For the listing below, the answer is an exact retyping of the lines from the one with "Bride in chic" through the one with "Round Black Crystal", both included, without pictures.

++++ Source data ++++

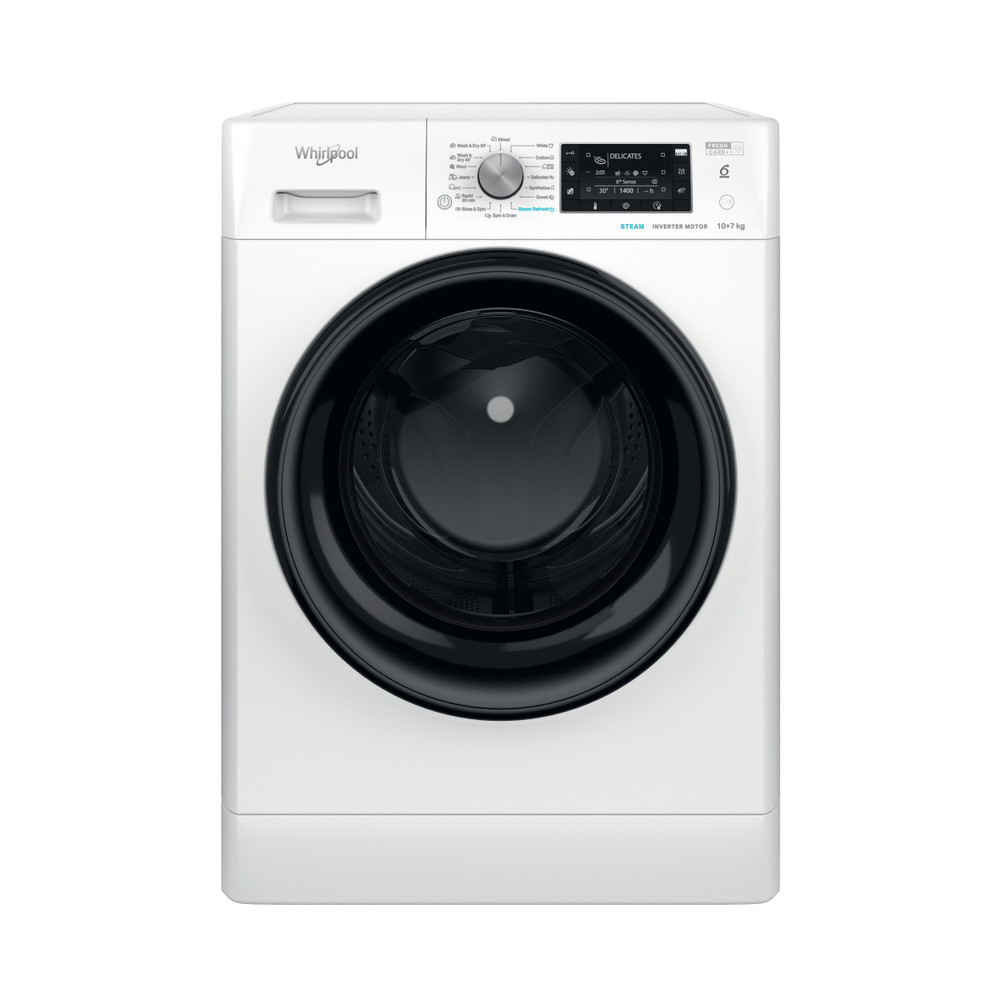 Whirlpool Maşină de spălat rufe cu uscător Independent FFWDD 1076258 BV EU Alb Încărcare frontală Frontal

++++
++++ Source data ++++

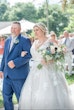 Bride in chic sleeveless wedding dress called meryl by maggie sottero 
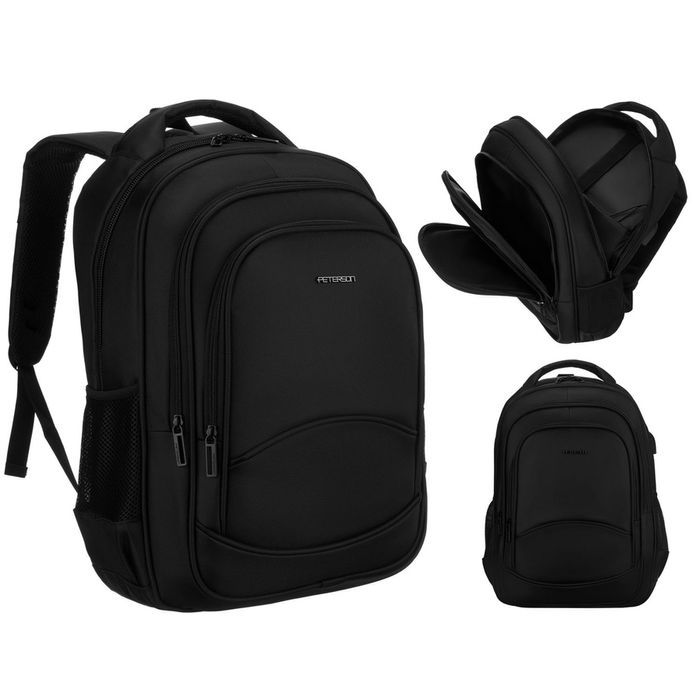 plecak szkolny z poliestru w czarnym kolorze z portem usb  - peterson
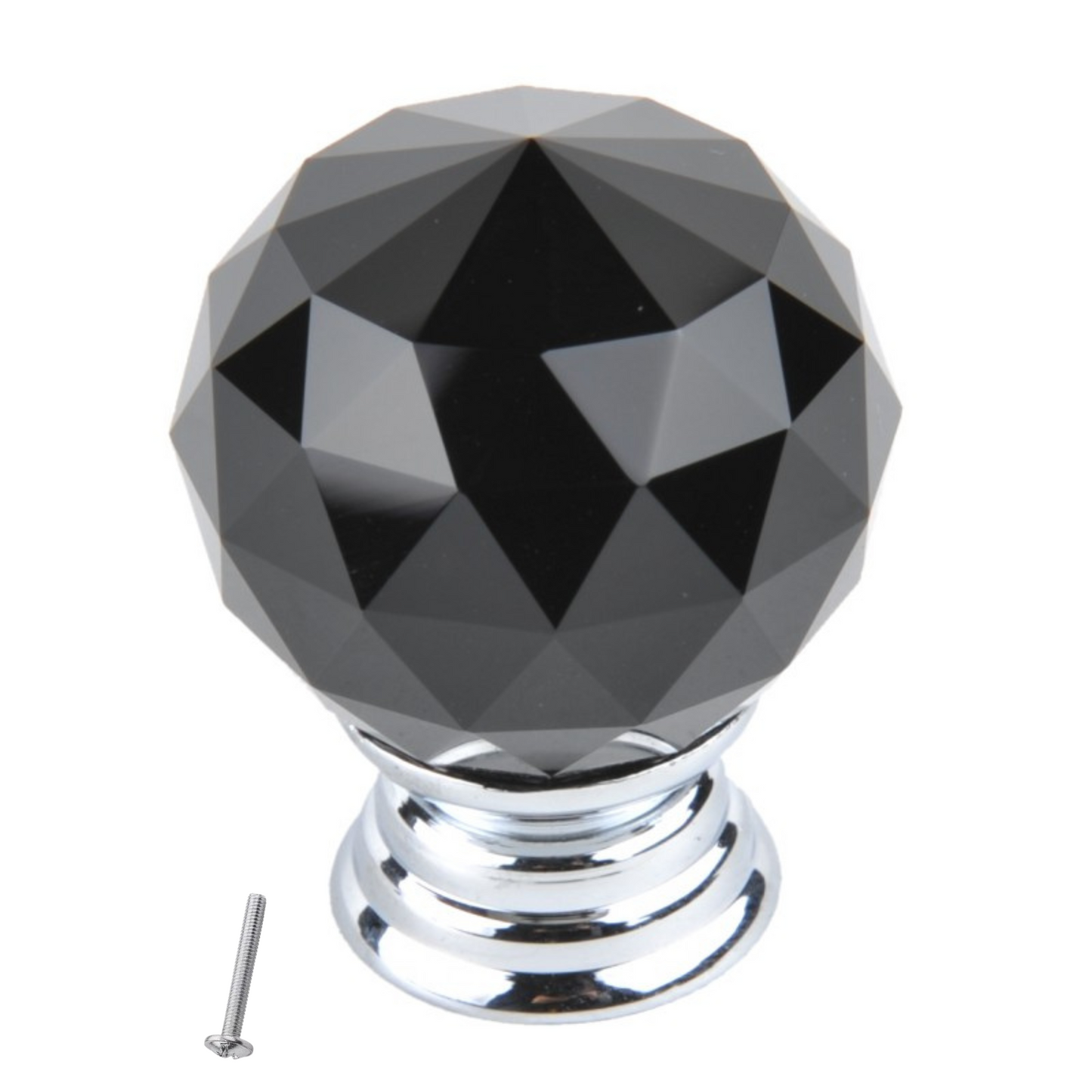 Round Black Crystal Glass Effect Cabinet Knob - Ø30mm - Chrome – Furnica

++++

Solution to the exercise>
 Bride in chic sleeveless wedding dress called meryl by maggie sottero 
 plecak szkolny z poliestru w czarnym kolorze z portem usb  - peterson
 Round Black Crystal Glass Effect Cabinet Knob - Ø30mm - Chrome – Furnica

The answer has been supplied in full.